▸ **Dataset records**
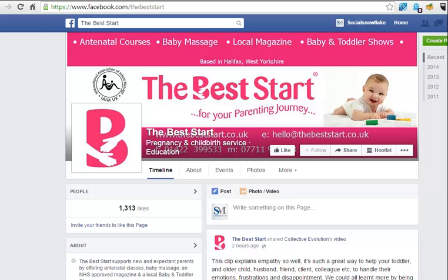Hey everyone, it's Lee from Social Snowflake and Snowflake Media here. I hope everybody's having a terrific week.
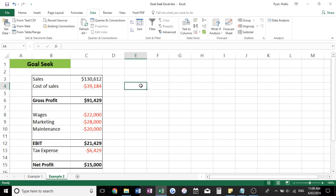All right, so looks like we need $130,000 in sales to reach our net profit of $15,000.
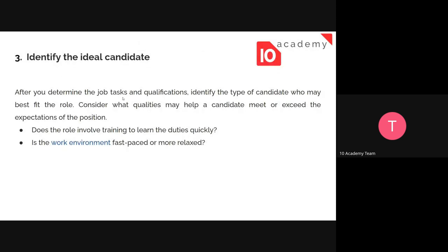After determining the job tasks and qualifications, think about what qualities may help a candidate meet or exceed expectations of the position. Before the interview, you need to know what things are going to be a plus. Questions may be answered differently, but the candidate might still fit your needs. Consider whether the role involves quick learning, whether the work environment is fast-paced or more relaxed — so you can pick the right candidate more easily.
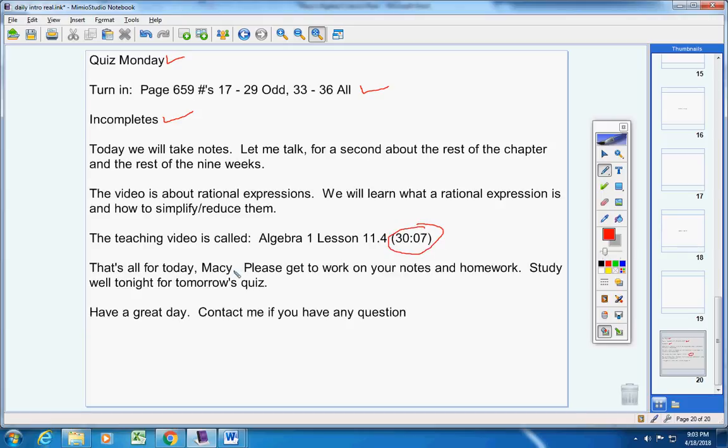Please get to work on your notes. Study well for tomorrow. Oh, sorry. I had typed this up earlier. I planned on doing notes and homework. And after I looked at the video, I was like, no. That's enough information. So no quiz for tomorrow. So ignore that. And now we're good. All right, have a great day. Please get to work on your notes. Contact me if you have any questions.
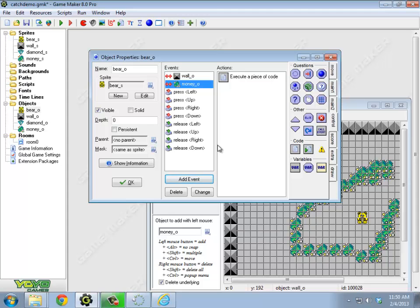So now, what about something like lives and asking questions and all that kind of stuff? Lives is also a global variable that's built in, so I can talk about that.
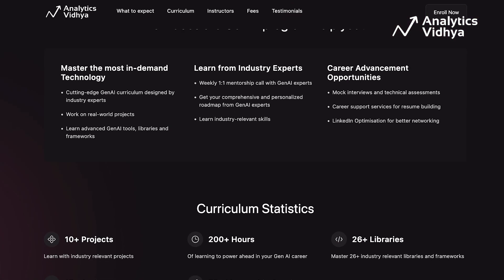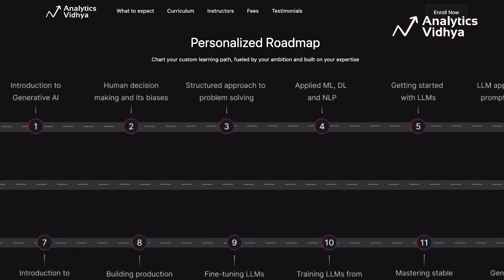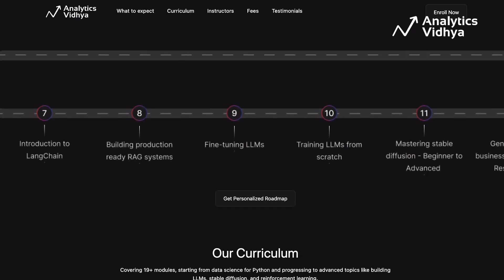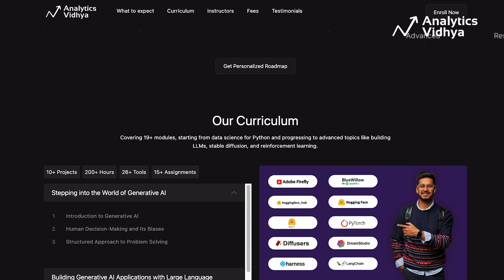And there you have it — a complete roadmap to mastering Generative AI in 2025. Whether you're just starting or looking to sharpen your skills, this guide will help you achieve your goals. To help you become a Generative AI expert, we have created a comprehensive Generative AI Pinnacle program, designed to equip you with everything you need — from foundational AI concepts to advanced techniques like fine-tuning LLMs and building agentic RAG systems.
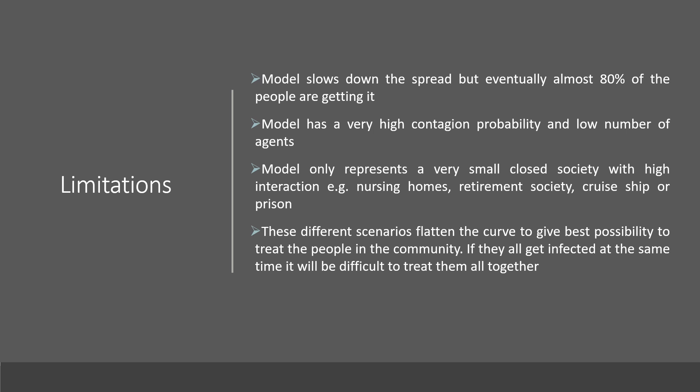But our model has some limitations. This model surely slows down the spread, but eventually almost 80% of the people are getting it. The model has a very high contagion probability and low number of agents. This model only represents a very small closed society with high interaction, for example, nursing homes, retirement society, cruise ship or prison.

▸ **Problem requirements**
Return every line shown above without changing a word, and skip the pictures.

▸ **Your response**
Hey everyone, it's Lee from Social Snowflake and Snowflake Media here. I hope everybody's having a terrific week.
All right, so looks like we need $130,000 in sales to reach our net profit of $15,000.
After determining the job tasks and qualifications, think about what qualities may help a candidate meet or exceed expectations of the position. Before the interview, you need to know what things are going to be a plus. Questions may be answered differently, but the candidate might still fit your needs. Consider whether the role involves quick learning, whether the work environment is fast-paced or more relaxed — so you can pick the right candidate more easily.
Please get to work on your notes. Study well for tomorrow. Oh, sorry. I had typed this up earlier. I planned on doing notes and homework. And after I looked at the video, I was like, no. That's enough information. So no quiz for tomorrow. So ignore that. And now we're good. All right, have a great day. Please get to work on your notes. Contact me if you have any questions.
So now, what about something like lives and asking questions and all that kind of stuff? Lives is also a global variable that's built in, so I can talk about that.
And there you have it — a complete roadmap to mastering Generative AI in 2025. Whether you're just starting or looking to sharpen your skills, this guide will help you achieve your goals. To help you become a Generative AI expert, we have created a comprehensive Generative AI Pinnacle program, designed to equip you with everything you need — from foundational AI concepts to advanced techniques like fine-tuning LLMs and building agentic RAG systems.
But our model has some limitations. This model surely slows down the spread, but eventually almost 80% of the people are getting it. The model has a very high contagion probability and low number of agents. This model only represents a very small closed society with high interaction, for example, nursing homes, retirement society, cruise ship or prison.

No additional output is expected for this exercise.